[Opening DATA TO PROCESS section]

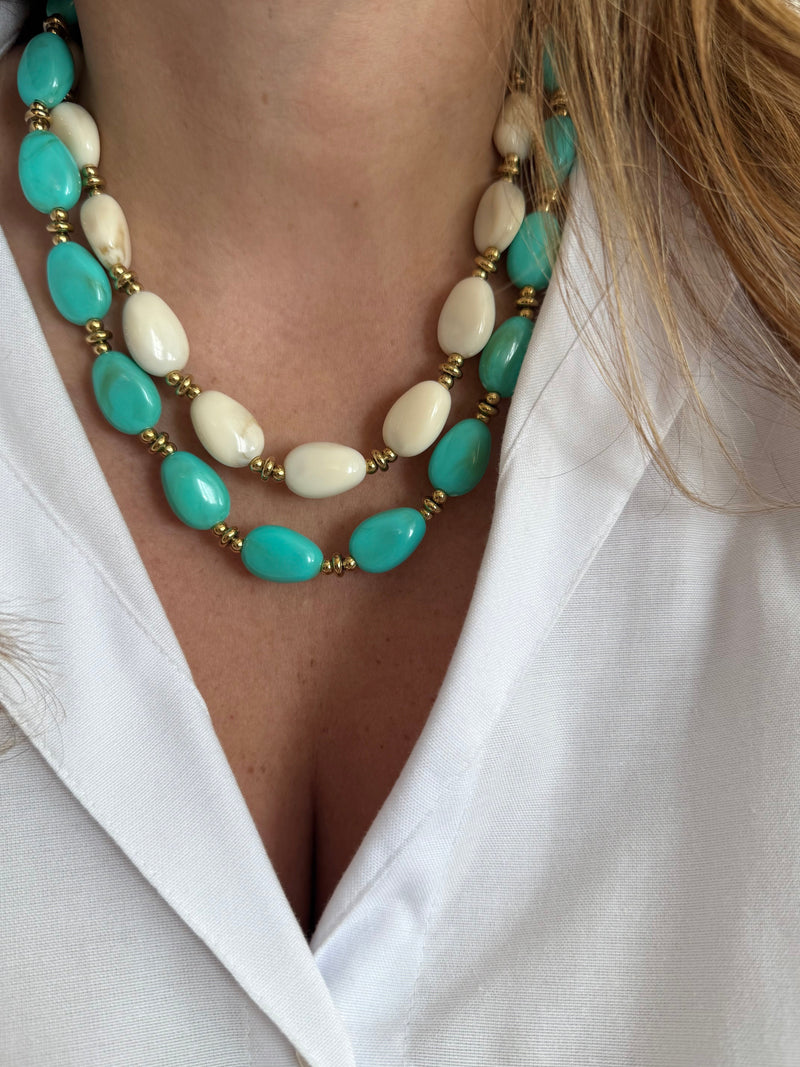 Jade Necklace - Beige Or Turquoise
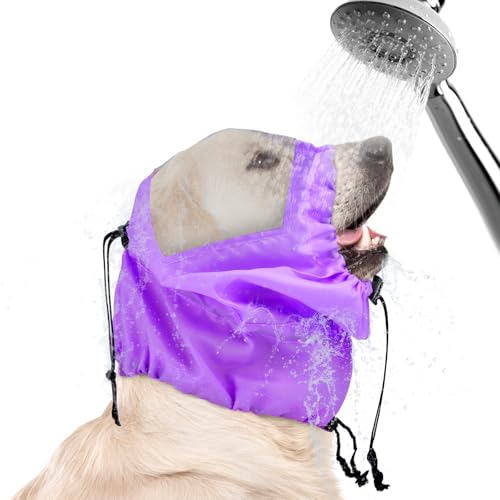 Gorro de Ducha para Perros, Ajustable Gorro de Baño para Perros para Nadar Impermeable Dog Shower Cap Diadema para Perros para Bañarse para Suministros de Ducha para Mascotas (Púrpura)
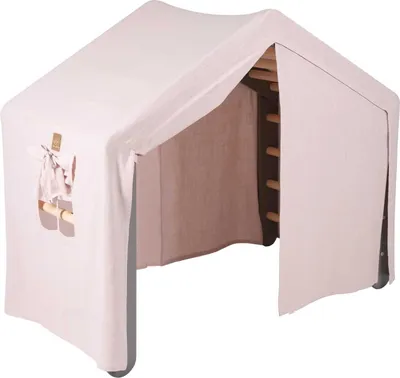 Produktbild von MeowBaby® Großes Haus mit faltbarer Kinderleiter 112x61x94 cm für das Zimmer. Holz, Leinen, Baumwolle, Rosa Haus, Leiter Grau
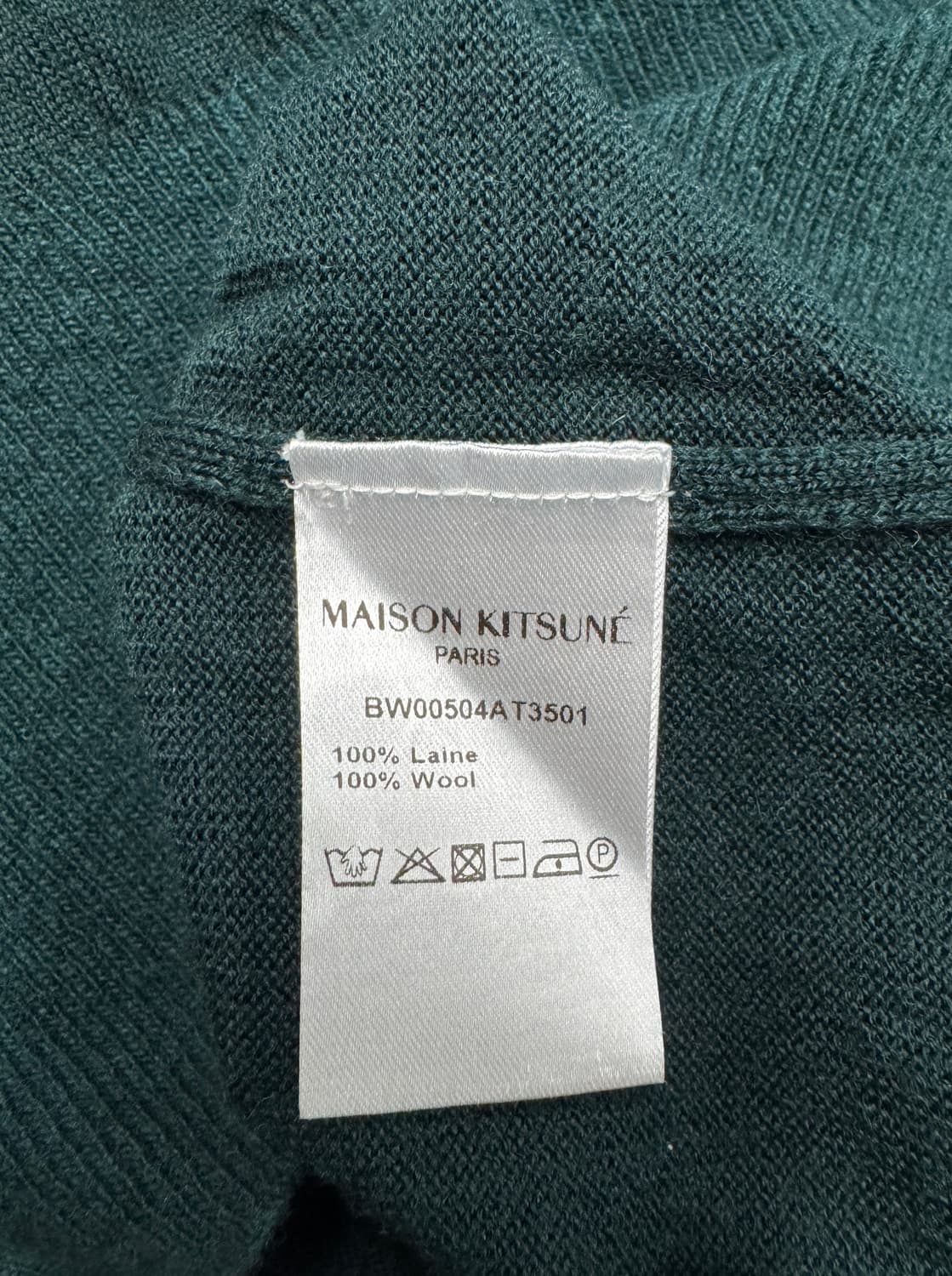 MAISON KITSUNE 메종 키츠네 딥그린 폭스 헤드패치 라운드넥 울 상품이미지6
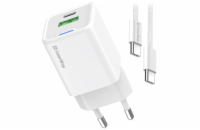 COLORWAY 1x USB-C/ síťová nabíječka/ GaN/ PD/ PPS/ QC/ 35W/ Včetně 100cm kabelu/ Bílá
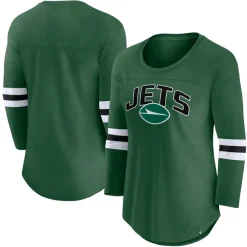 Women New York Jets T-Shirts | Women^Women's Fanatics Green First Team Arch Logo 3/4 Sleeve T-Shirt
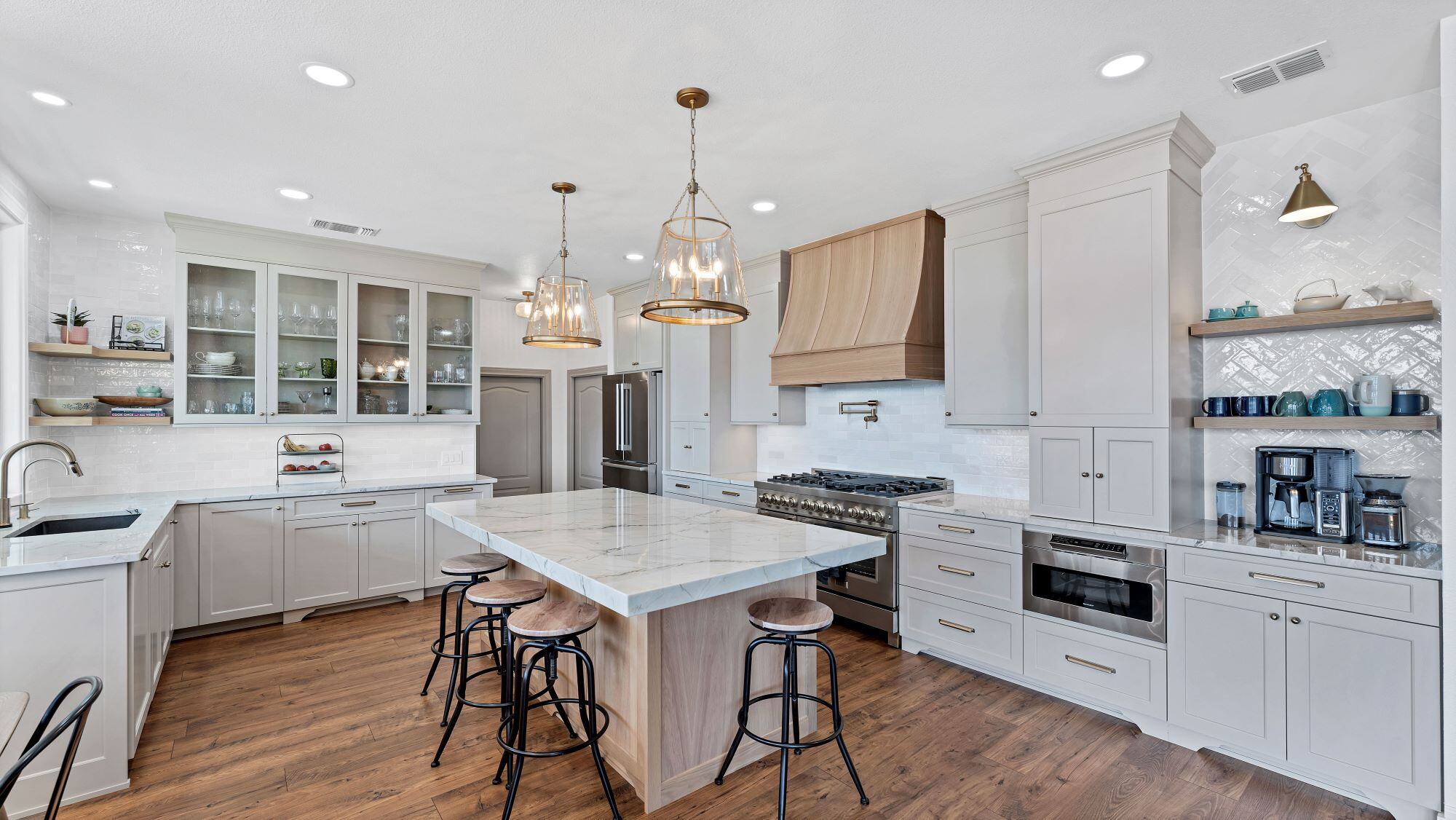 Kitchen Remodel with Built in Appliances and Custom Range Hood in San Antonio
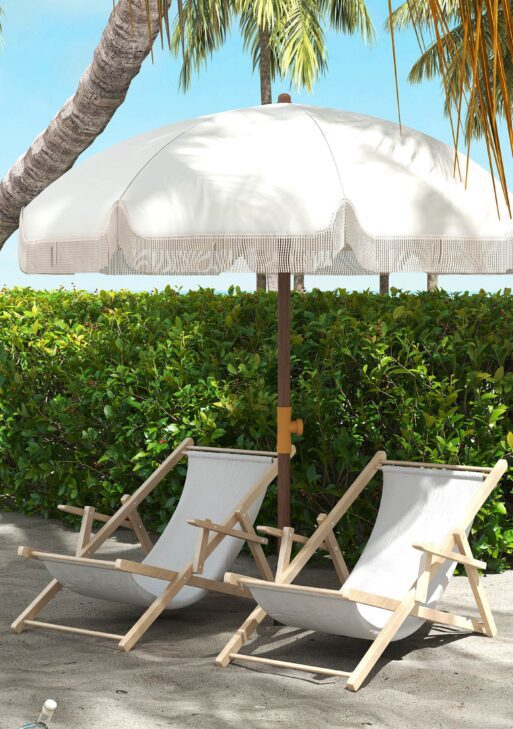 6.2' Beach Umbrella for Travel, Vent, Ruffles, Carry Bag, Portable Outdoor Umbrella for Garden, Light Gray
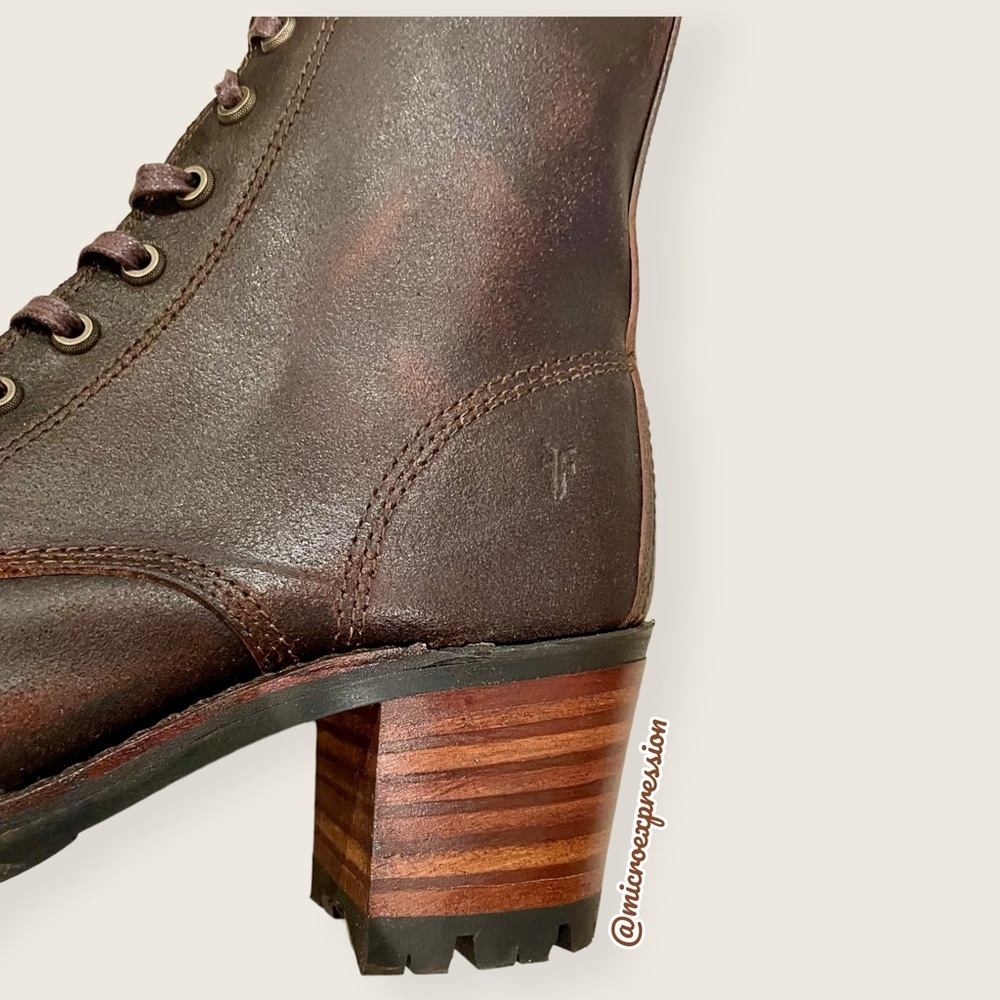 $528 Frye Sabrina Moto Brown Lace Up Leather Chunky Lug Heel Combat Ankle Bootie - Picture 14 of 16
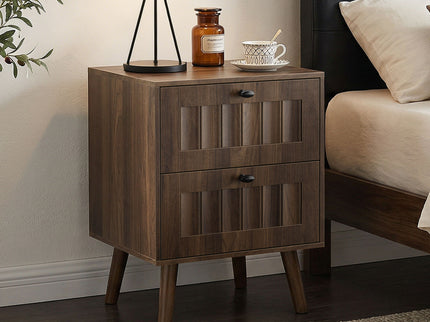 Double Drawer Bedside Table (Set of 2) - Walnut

[Closing DATA TO PROCESS section]

__HOW TO COMPLETE THIS TASK__
The reply should hold only the lines running from the top of the records to the line containing "Gorro de Ducha", both included, copied exactly with no pictures.

__SOLVED EXERCISE__
 Jade Necklace - Beige Or Turquoise
 Gorro de Ducha para Perros, Ajustable Gorro de Baño para Perros para Nadar Impermeable Dog Shower Cap Diadema para Perros para Bañarse para Suministros de Ducha para Mascotas (Púrpura)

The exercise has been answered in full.